Actually no, because the pre-trained tokenizer only knows tokens, not tokens + POS tags. A better way to do this would be to create an additional input to the model (besides input_ids
and token_type_ids
) called pos_tag_ids
, for which you can add an additional embedding layer (nn.Embedding
). In that way, you can sum the embeddings of the tokens, token types and the POS tags. Let’s illustrate this for a pre-trained BERT model:
We first have to modify the BertEmbeddings class. In short, we’ll add an embedding layer for the POS tags:
class BertEmbeddings(nn.Module):
"""Construct the embeddings from word, position and token_type embeddings."""
def __init__(self, config):
super().__init__()
self.word_embeddings = nn.Embedding(config.vocab_size, config.hidden_size, padding_idx=config.pad_token_id)
self.position_embeddings = nn.Embedding(config.max_position_embeddings, config.hidden_size)
self.token_type_embeddings = nn.Embedding(config.type_vocab_size, config.hidden_size)
self.pos_tag_embeddings = nn.Embedding(max_number_of_pos_tags, config.hidden_size)
(...)
def forward(
self, input_ids=None, pos_tag_ids=None, token_type_ids=None, position_ids=None, inputs_embeds=None, past_key_values_length=0
):
if input_ids is not None:
input_shape = input_ids.size()
else:
input_shape = inputs_embeds.size()[:-1]
seq_length = input_shape[1]
if position_ids is None:
position_ids = self.position_ids[:, past_key_values_length : seq_length + past_key_values_length]

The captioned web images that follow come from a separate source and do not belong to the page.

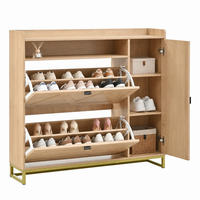 SCHUHSCHRANK mit Klappfächern 110 x 24 x 100 cm Natur - Braun, Holzwerkstoff (24/100/110cm) - Beauniv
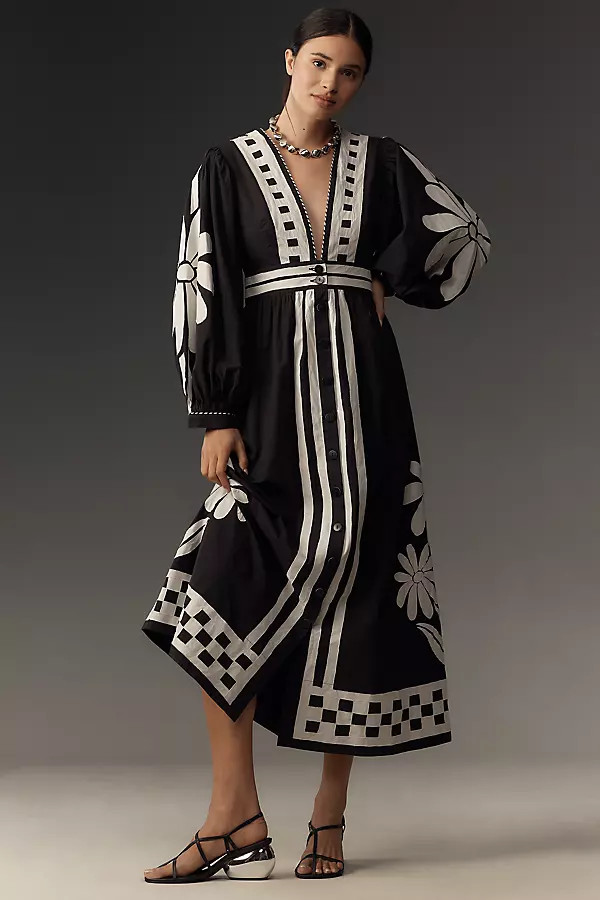 Farm Rio Nature Long-Sleeve V-Neck Graphic Floral Maxi Dress | Anthropologie (US)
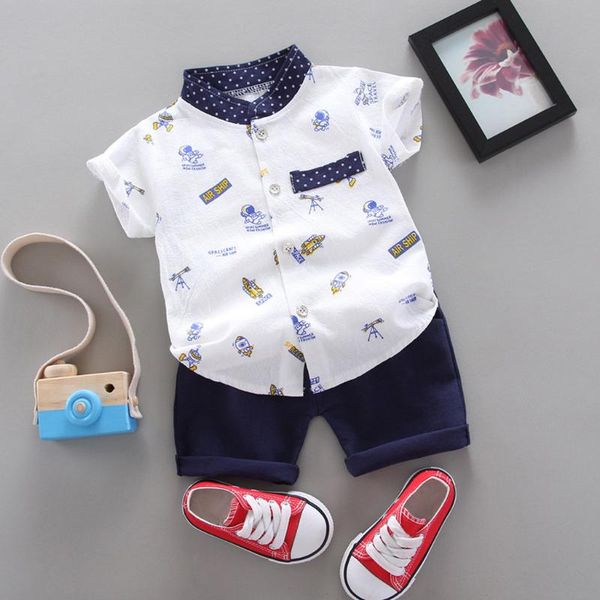 

toddler kids baby boys beard t shirt +shorts pants outfit clothes set 2021 summer boy clothing drop print sets, White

if token_type_ids is None:
token_type_ids = torch.zeros(input_shape, dtype=torch.long, device=self.position_ids.device)
if inputs_embeds is None:
inputs_embeds = self.word_embeddings(input_ids)
token_type_embeddings = self.token_type_embeddings(token_type_ids)
pos_tag_embeddings = self.pos_tag_embeddings(pos_tag_ids)
embeddings = inputs_embeds + token_type_embeddings + pos_tag_embeddings
if self.position_embedding_type == "absolute":
position_embeddings = self.position_embeddings(position_ids)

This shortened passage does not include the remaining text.